DATA SHOWN:
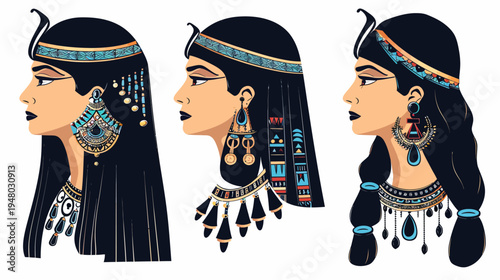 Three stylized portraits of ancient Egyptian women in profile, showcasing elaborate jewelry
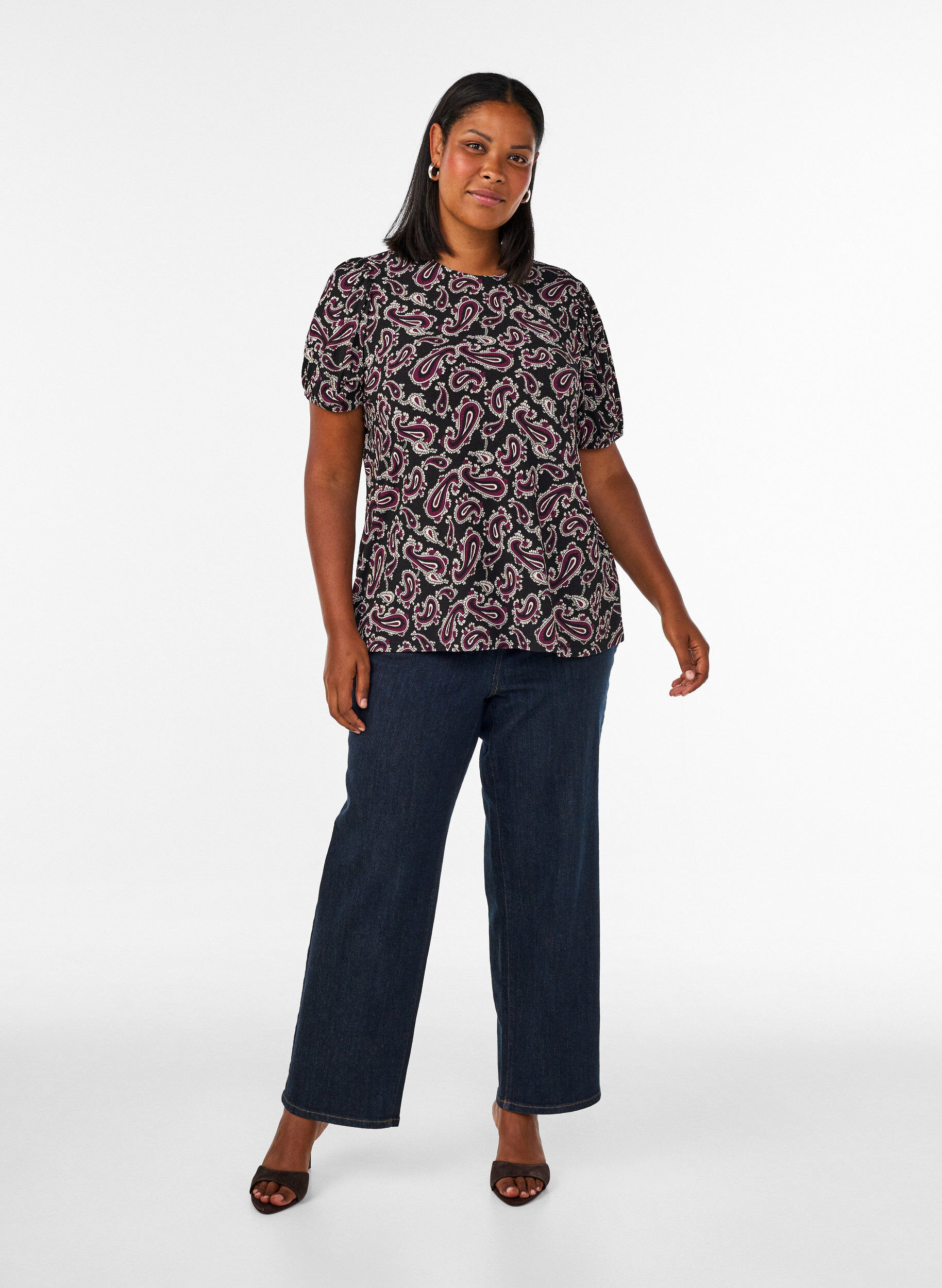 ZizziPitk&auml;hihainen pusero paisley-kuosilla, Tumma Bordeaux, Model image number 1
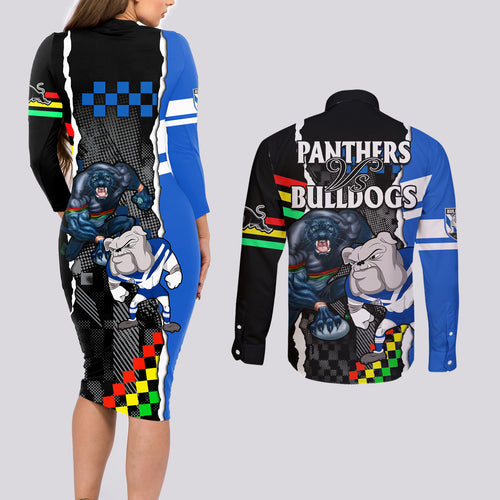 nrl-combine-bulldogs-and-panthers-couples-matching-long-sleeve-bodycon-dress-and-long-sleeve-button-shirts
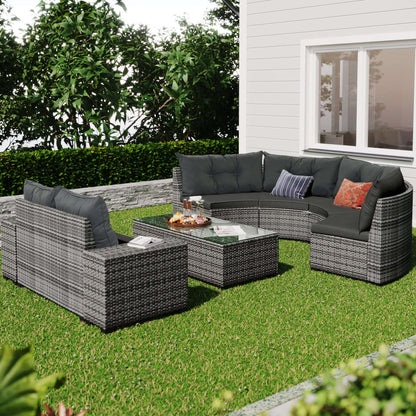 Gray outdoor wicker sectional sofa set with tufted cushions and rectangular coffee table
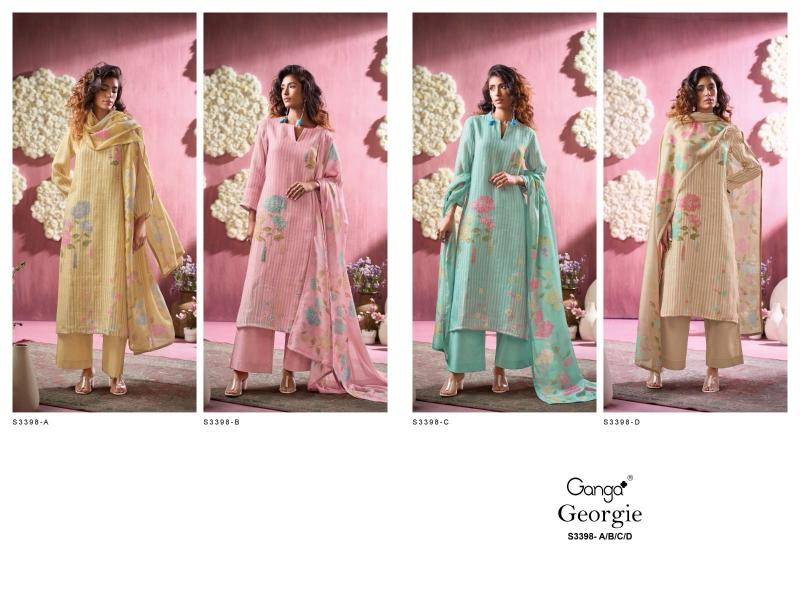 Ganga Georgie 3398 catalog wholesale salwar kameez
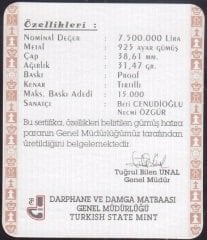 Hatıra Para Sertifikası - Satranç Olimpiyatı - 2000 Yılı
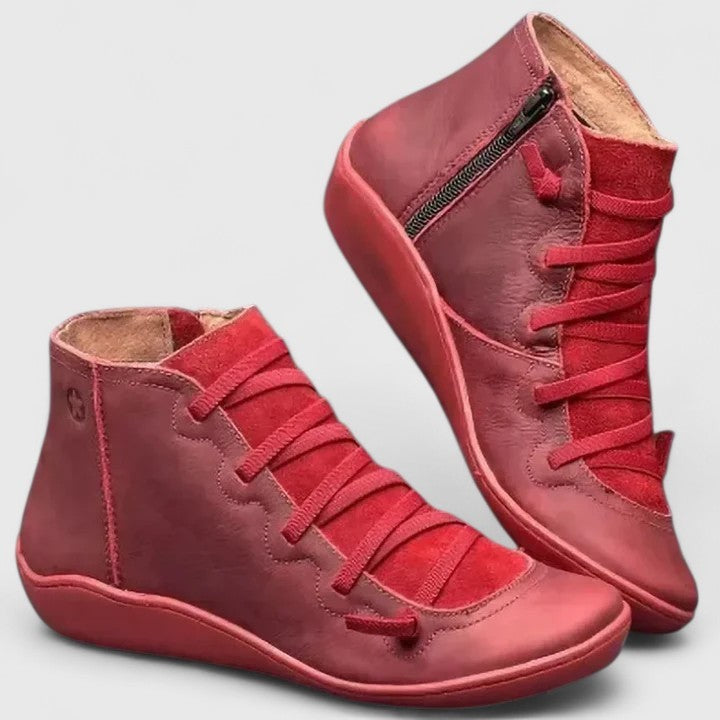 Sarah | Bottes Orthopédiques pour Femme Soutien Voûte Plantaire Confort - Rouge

==

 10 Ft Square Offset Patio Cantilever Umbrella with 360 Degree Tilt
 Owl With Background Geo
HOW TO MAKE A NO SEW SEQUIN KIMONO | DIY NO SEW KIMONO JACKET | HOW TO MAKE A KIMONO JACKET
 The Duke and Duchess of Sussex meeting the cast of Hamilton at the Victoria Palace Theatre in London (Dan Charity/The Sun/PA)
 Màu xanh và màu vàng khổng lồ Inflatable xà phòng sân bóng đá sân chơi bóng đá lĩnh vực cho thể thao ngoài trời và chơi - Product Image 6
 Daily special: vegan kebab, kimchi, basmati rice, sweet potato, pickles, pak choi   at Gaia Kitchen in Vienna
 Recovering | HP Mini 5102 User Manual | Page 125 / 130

TASK PROMPT:
What's needed is an exact copy of the records above from the line containing "ZizziPitk&auml;hihainen pusero paisley-kuosilla, Tumma" down to the line containing "Sarah | Bottes", both included, without any pictures.

TASK OUTPUT:
 ZizziPitk&auml;hihainen pusero paisley-kuosilla, Tumma Bordeaux, Model image number 1
 nrl-combine-bulldogs-and-panthers-couples-matching-long-sleeve-bodycon-dress-and-long-sleeve-button-shirts
 Gray outdoor wicker sectional sofa set with tufted cushions and rectangular coffee table
 Ganga Georgie 3398 catalog wholesale salwar kameez
 Hatıra Para Sertifikası - Satranç Olimpiyatı - 2000 Yılı
 Sarah | Bottes Orthopédiques pour Femme Soutien Voûte Plantaire Confort - Rouge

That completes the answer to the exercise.